I feel very blessed to have had the opportunity to be a Caregiver for my mom, who was diagnosed with Alzheimer’s.  She lived with us for almost 8 years.  But I would have NEVER been able to do so without a caring, loving husband who was more of a son than a son-in-law to mom.  Generous siblings greatly aided us in her care by allowing down time by taking mom out for dinners.

 If a person is alone in this process called Care giving, the days seem never-ending.  I can’t imagine the trials and tribulations of the adventure without help.

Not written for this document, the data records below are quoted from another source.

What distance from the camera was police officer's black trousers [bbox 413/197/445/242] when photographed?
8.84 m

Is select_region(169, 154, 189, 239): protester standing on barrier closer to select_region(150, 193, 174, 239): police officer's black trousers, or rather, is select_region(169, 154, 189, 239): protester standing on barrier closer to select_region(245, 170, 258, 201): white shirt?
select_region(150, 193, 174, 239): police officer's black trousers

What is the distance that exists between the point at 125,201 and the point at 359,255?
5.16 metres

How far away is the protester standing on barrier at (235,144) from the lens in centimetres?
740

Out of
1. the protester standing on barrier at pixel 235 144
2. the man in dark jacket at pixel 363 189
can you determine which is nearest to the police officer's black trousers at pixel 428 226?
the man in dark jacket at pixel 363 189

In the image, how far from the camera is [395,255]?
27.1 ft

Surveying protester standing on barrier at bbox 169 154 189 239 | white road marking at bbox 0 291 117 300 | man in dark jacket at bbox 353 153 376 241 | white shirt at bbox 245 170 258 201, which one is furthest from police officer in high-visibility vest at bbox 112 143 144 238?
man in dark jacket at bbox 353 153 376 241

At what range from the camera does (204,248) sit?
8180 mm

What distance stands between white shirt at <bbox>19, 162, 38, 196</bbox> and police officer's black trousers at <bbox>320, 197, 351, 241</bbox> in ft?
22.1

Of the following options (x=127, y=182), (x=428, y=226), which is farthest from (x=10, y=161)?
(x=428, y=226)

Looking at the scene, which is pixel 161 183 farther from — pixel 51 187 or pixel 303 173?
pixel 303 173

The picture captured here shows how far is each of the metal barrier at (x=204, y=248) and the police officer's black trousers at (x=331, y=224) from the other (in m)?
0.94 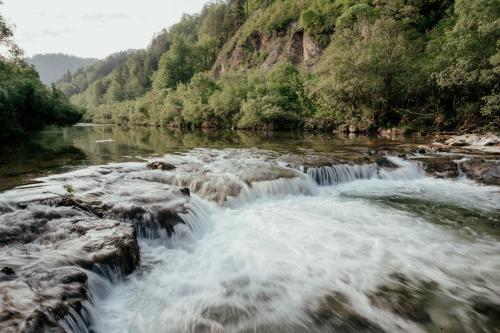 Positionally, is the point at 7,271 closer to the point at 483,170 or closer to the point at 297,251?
the point at 297,251

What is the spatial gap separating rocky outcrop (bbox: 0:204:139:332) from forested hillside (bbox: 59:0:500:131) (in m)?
22.6

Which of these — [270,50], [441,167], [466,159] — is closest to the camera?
[441,167]

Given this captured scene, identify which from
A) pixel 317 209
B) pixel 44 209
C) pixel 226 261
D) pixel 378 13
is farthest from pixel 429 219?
pixel 378 13

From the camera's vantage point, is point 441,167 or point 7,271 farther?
point 441,167

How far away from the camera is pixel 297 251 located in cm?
754

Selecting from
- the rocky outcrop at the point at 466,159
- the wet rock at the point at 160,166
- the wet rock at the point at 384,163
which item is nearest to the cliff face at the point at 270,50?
the rocky outcrop at the point at 466,159

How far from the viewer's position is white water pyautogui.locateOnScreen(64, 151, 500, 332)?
507cm

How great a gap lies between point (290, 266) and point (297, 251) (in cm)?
78

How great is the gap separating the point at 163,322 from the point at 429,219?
8.06 m

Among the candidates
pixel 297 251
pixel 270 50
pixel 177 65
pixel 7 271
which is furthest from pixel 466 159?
pixel 177 65

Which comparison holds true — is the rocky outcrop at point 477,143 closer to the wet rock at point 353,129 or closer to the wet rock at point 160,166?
the wet rock at point 353,129

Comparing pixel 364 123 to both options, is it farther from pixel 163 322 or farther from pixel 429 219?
pixel 163 322

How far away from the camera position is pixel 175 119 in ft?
181

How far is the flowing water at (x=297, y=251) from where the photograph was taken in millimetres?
5078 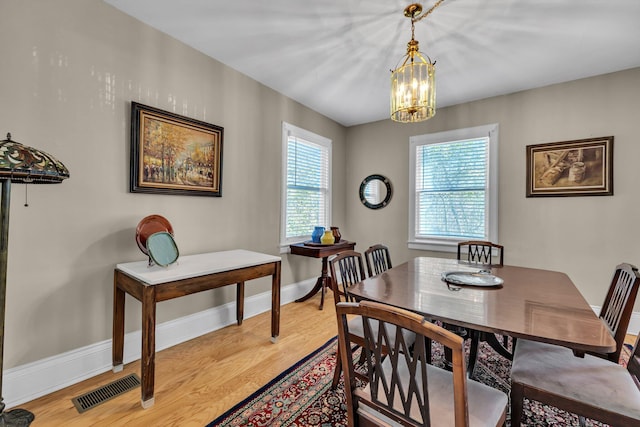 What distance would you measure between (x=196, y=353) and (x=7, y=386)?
42.8 inches

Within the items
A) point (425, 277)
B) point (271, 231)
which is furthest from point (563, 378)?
point (271, 231)

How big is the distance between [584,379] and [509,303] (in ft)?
1.35

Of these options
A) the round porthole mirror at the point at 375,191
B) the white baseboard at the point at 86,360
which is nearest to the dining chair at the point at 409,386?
the white baseboard at the point at 86,360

 When mom first came to live with us, she had not been diagnosed with her illness.  Within 3 months, the unimaginable became reality.  My husband and I accepted the facts as they were and began making changes in our schedules and that of our mother.

 

I think one of the biggest mistakes in the beginning months was not asking for more help from family members and not expressing our frustrations and anxieties dealing with mom.  When we asked for help and were more open, the help was there.  The Alzheimer’s Association was also great in making us aware of the resources available to us.

 

Mom was still volunteering at our local hospital in the beginning, but over time became more and more difficult for her.  She could not remember the directions even with visual aids.  She could no longer follow simple directions at volunteering and had to be monitored constantly.  We suggested that she discontinue her volunteering and she agreed.  She was aware of her memory problems and it was so sad to see.  They loved her at the hospital and to this day tell us how much they miss her smiling face.

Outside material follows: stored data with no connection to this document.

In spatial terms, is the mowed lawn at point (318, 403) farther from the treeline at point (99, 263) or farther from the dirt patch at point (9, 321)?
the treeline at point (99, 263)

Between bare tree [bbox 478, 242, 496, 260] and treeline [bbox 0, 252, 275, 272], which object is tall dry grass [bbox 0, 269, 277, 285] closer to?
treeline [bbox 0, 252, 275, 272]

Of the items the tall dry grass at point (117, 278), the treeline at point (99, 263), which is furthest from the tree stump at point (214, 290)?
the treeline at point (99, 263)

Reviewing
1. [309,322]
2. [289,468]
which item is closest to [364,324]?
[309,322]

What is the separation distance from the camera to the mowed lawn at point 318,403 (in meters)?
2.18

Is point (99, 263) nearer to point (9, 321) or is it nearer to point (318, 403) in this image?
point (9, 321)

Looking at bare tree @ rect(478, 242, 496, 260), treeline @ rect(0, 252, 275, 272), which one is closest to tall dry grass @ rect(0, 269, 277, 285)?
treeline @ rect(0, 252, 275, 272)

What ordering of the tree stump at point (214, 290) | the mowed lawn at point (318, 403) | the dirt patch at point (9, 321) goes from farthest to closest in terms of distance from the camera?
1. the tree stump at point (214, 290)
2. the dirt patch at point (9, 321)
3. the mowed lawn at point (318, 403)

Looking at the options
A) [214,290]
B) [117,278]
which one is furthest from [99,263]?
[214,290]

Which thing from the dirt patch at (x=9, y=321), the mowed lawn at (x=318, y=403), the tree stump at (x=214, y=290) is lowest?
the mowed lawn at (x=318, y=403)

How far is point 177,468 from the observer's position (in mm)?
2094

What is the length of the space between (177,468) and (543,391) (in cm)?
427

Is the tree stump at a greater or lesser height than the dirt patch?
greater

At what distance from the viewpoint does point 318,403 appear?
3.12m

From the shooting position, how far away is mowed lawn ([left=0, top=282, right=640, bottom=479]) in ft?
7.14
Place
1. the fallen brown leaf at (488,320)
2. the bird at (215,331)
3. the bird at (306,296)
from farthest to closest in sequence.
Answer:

This move robbed her freedom while putting more responsibility on us to provide continual activity for her.  She has always had lots of energy but now it was in overdrive.  My husband devised activities for her such as, stringing beads, making 100 piece puzzles or sweeping the sidewalk around our house.  We simply could not find enough to keep her busy.  We were the ones getting exhausted while she never seemed to tire.  She then started to ‘shadow’ us so that when one of us left her vision, she wanted to know where we were. 

After 8 years, placement in a nursing home became necessary.  I cried and still cry when I think of that day when we placed her in her new ‘home’.  I know in my head it was right, but my heart cannot accept that fact.

For anyone in this situation, I would suggest communicating immediately with other family members and taking full advantage of help available for Caregivers.  The Alzheimer’s Association is a wonderful and helpful agency.  Don’t attempt to do it alone and never let your own health suffer while Care giving. 

Looking back, I never regret those years with mom.  Life is more peaceful now for us and for mom.  We do not worry about her.  She is still loved and believes that she is a volunteer in her new home and we all visit her very often.